Nice job Robert. That cherry looks very nice. 
And nice gesture.


----------



## robert421960 (Dec 9, 2010)

Thanks Dom people have been good to me so imma gonna pay it foward
I cut the 4 blanks to 9" round tonightso ill go see what size boxes will work tomm and hopefully cut some more wood


----------



## Dominick (May 2, 2011)

robert421960 said:


> Thanks Dom people have been good to me so imma gonna pay it foward
> I cut the 4 blanks to 9" round tonightso ill go see what size boxes will work tomm and hopefully cut some more wood


If I had a lathe, I'd be all over that. But I'll take a band saw instead. Lol


----------



## NYKen (Aug 24, 2012)

Some nice looking stock Robert, and a fine gesture indeed. Share the wood bro, well done

Ken


----------



## duncsuss (Aug 21, 2009)

I won't take up your offer, but thanks for your generosity


----------



## Road rider (Jan 29, 2012)

Those are some very nice looking pieces of cherry...I would love to turn a cherry bowl... 
Am a newbie so can not pm you yet...
Live in West Texas so have acres and acres of mesquite if you ever have a need...
Thanks


----------



## kd5nay (May 25, 2012)

Hey Wendell, would you mind If I send you an email? I tried to pm you but it won't let you receive them yet. Or just send me an email at [email protected] so I can get your address

Thanks!
Andy


----------



## rrbrown (Feb 15, 2009)

Very nice of you. That's why I like this forum.:thumbsup:


----------



## Dominick (May 2, 2011)

rrbrown said:


> Very nice of you. That's why I like this forum.:thumbsup:


Me to. if only they would start handing out tools, it would even be better. Lol. 
I don't have much to offer, but its nice to see everyone getting along. 
I just jinxed myself.


----------



## Road rider (Jan 29, 2012)

Hey Andy... Email headed your way


----------



## robert421960 (Dec 9, 2010)

i sawed enough more blanks today and they look great
i had to work late tonight and all weekend but early week i plan to have these shipped out
it looks like the biggest flat rate box will be need to ship these


----------



## kd5nay (May 25, 2012)

Looking forward to it.

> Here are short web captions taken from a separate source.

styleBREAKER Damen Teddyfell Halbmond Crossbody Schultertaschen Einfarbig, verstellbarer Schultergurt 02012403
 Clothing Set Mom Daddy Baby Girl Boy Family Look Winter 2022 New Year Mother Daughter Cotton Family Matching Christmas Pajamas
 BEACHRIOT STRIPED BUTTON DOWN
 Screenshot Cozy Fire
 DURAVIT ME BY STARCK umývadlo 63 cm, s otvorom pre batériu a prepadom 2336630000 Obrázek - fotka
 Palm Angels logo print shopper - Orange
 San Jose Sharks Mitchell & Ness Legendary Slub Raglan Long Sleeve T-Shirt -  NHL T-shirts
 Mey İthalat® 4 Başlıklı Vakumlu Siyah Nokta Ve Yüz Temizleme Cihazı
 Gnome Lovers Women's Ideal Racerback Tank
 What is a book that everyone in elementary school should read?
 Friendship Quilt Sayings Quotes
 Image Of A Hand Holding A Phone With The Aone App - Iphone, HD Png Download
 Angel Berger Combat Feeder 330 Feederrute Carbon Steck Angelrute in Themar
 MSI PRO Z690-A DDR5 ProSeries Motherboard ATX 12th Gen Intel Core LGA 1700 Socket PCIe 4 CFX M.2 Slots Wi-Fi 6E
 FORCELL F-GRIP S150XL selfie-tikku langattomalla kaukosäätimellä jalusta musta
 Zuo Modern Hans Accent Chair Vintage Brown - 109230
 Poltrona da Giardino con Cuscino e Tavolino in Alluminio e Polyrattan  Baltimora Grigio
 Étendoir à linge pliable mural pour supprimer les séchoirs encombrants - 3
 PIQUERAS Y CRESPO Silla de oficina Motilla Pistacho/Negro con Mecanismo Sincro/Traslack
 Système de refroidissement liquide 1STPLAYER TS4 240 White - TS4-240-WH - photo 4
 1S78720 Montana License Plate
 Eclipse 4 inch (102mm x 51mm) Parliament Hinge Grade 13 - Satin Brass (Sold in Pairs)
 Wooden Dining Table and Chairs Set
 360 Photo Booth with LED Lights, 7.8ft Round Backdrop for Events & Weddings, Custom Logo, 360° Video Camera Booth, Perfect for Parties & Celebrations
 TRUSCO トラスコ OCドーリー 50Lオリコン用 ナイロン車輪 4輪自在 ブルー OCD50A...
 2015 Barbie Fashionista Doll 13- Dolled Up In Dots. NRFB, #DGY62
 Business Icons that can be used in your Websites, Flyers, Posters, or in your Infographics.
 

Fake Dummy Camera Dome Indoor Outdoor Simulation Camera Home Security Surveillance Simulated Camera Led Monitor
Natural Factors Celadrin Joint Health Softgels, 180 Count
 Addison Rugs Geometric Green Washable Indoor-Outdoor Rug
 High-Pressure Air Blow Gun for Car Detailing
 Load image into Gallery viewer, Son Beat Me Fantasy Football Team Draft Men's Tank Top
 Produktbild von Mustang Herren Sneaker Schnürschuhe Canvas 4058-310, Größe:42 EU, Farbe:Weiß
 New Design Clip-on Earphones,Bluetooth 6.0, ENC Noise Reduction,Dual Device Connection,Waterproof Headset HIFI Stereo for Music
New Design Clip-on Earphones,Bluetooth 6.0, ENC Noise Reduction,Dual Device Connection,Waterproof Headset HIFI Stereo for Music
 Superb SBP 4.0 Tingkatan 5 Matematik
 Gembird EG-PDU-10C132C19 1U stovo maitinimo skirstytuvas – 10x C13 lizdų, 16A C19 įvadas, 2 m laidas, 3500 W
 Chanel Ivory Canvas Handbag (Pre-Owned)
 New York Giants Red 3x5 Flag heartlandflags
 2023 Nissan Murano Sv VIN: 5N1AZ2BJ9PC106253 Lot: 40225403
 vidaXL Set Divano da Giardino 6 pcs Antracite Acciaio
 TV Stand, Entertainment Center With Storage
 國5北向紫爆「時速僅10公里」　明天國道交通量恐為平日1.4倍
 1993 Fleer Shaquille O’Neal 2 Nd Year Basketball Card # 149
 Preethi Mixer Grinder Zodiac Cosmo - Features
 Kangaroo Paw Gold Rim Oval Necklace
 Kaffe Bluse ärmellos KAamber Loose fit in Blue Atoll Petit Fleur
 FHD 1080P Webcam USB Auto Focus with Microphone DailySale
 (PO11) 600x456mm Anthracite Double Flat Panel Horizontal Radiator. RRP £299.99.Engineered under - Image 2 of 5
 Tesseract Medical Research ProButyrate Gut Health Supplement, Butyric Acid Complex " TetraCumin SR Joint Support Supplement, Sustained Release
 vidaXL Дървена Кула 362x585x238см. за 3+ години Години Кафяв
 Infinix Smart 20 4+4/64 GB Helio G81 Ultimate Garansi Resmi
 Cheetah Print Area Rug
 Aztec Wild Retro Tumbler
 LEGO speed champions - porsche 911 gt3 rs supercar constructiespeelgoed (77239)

Thanks for the generosity!!


----------



## robert421960 (Dec 9, 2010)

I cut the outside off two of these but you can make a deeper bowl if I don't.they are soft on the outside but really good and solid inside


----------



## ru5611 (Aug 17, 2012)

Robert, do you happen to have anything left. I am brand new to wood turning and the forum and have yet to turn anything green. I would love to give it a shot.


----------



## Fishinbo (Jul 23, 2012)

That which you share will multiply ...  May you be blessed more!


----------



## robert421960 (Dec 9, 2010)

ru5611 said:


> Robert, do you happen to have anything left. I am brand new to wood turning and the forum and have yet to turn anything green. I would love to give it a shot.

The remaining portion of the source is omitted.